Libertarians like myself [ed. — no longer accurate] like to defend contracts and other exchanges because they’re voluntary. When two capable adults reach an agreement to exchange their legally owned objects, labor or money, then presumably they both believe they’ll be better off once the exchange has been made. The problem with this argument, as a friend of mine recently pointed out, is that it could be extended to virtually every human action, even ones we have no interest in defending. For example, if I were held at gunpoint I would think myself better off giving up my wallet, and my assailant would think himself better off with the wallet and no blood on his hands. Both of us are taking the actions we deliberately and rationally believe will advance our interests, but there’s something clearly wrong going on.
Now, this case is extreme and we can intuitively see that there are differences between it and an ideal voluntary situation. But what are the distinctions? The first one is that I’m being threatened with violence. Let’s set that aside for now. The other distinction is more interesting. Mike Munger, an economist at Duke, tries to define the perfect voluntary exchange in order to distinguish it from other scenarios which are problematically voluntary. The main difference he finds is in scenarios where, while both parties consider themselves advantaged by the deal, the difference in alternatives in huge. So in my previous example, my alternative to giving up my wallet was death, while my assailant’s alternative was to go without $100.
Munger argues that this intuition, that a major difference in alternatives is unfair, undergirds much of our support for economic regulation. We oppose selling ice at super high prices to people in disaster zones because the higher prices hardly compare to the need for ice; we are shocked at the sale of kidneys because kidney failure is so dramatically worse than not receiving a couple thousand dollars in compensation. This intuition is behind what we call exploitation: sweatshops appear to take advantage of people because workers in third world countries have so few alternatives, while corporations could always pay more for workers at home.
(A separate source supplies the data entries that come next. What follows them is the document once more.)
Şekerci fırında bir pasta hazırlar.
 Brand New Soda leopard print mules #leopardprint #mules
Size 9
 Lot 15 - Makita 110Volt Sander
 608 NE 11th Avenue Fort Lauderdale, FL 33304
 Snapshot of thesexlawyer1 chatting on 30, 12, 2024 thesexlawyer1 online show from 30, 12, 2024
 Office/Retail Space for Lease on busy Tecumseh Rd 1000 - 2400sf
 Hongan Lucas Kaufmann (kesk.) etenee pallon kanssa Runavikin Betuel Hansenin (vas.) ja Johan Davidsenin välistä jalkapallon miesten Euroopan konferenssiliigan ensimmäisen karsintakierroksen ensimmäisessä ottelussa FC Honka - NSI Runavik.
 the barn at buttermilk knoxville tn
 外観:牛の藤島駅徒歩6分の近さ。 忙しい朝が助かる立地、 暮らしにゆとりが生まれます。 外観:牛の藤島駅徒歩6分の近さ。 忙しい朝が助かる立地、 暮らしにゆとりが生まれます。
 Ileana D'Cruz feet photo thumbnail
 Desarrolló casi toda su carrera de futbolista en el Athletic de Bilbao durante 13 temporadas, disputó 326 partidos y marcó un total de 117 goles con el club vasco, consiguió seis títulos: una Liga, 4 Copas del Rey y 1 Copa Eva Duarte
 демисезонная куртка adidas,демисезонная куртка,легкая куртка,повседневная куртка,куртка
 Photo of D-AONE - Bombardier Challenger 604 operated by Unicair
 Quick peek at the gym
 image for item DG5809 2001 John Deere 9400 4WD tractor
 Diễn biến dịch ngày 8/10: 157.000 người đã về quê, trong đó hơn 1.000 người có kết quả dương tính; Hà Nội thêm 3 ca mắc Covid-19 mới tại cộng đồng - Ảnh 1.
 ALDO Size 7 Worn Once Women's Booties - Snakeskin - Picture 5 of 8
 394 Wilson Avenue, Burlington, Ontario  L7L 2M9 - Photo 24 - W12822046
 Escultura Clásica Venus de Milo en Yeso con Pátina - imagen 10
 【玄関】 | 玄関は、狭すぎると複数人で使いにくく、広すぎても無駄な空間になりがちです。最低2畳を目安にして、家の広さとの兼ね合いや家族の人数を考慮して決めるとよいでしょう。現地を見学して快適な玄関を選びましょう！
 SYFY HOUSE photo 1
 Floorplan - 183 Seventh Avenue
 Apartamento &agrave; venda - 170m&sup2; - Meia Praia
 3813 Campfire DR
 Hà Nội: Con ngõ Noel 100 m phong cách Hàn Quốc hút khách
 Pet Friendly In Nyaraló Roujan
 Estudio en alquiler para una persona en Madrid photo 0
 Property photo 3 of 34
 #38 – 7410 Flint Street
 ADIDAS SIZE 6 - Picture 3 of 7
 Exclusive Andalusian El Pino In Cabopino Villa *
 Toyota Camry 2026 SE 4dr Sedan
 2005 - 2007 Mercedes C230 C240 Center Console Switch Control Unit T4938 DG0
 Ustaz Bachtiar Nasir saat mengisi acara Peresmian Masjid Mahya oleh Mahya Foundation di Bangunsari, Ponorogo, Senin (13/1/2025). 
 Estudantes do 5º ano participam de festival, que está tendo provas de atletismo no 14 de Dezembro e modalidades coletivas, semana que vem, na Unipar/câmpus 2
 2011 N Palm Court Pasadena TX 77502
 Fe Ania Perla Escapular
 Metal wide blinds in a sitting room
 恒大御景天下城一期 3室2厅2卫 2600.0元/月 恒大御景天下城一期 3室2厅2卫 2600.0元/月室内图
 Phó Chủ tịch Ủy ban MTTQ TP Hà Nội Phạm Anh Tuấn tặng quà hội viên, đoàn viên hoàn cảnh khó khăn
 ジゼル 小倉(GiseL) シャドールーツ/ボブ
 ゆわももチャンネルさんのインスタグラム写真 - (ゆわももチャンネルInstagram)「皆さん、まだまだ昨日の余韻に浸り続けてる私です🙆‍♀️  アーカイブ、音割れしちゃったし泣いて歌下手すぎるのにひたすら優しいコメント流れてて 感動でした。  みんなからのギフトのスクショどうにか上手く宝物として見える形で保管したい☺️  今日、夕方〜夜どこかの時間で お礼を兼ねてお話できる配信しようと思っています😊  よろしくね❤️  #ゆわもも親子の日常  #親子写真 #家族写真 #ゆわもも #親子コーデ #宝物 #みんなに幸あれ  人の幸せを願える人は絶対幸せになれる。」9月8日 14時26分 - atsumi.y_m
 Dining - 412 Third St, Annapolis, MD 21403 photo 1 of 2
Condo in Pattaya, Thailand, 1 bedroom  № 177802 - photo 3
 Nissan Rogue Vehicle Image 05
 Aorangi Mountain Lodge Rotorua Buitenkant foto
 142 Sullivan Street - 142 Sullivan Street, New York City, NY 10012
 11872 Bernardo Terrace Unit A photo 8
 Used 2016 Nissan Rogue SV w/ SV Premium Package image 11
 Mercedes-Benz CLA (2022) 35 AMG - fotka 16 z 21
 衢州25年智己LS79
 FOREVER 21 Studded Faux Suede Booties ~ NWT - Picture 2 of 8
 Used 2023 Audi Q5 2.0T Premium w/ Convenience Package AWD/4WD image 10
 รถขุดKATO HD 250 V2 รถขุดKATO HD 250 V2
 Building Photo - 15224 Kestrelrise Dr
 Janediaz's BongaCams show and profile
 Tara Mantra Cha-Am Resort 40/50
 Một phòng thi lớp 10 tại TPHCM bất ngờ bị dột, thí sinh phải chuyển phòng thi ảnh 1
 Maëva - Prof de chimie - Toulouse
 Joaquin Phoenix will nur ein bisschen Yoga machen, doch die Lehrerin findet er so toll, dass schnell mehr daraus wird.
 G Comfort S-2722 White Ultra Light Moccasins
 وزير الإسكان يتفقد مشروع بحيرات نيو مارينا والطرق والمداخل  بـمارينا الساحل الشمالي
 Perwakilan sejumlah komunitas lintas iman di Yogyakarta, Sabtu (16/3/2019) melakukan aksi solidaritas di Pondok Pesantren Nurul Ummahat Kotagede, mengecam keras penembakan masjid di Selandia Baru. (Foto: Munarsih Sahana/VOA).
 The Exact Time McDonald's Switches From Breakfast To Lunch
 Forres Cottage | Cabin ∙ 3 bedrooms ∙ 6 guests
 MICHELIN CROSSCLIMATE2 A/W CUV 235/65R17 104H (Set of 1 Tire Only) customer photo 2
But when we blame the exchanges taking place — the selling of a kidney, the setting up of a sweatshop — aren’t we, as Munger argues, reversing causality? The problem isn’t the exchange, which if anything helps improve the situation, but rather the underlying causes which lead to a disparity in alternatives. It’s not the kidney seller who made your kidney fail, nor the sweatshop owner which left your country in crushing poverty. Outlawing these exchanges would be like prohibiting me from handing over my wallet, while leaving criminals free to stick me up. We should be combatting the source of differences in alternatives, not the exchanges which can alleviate them.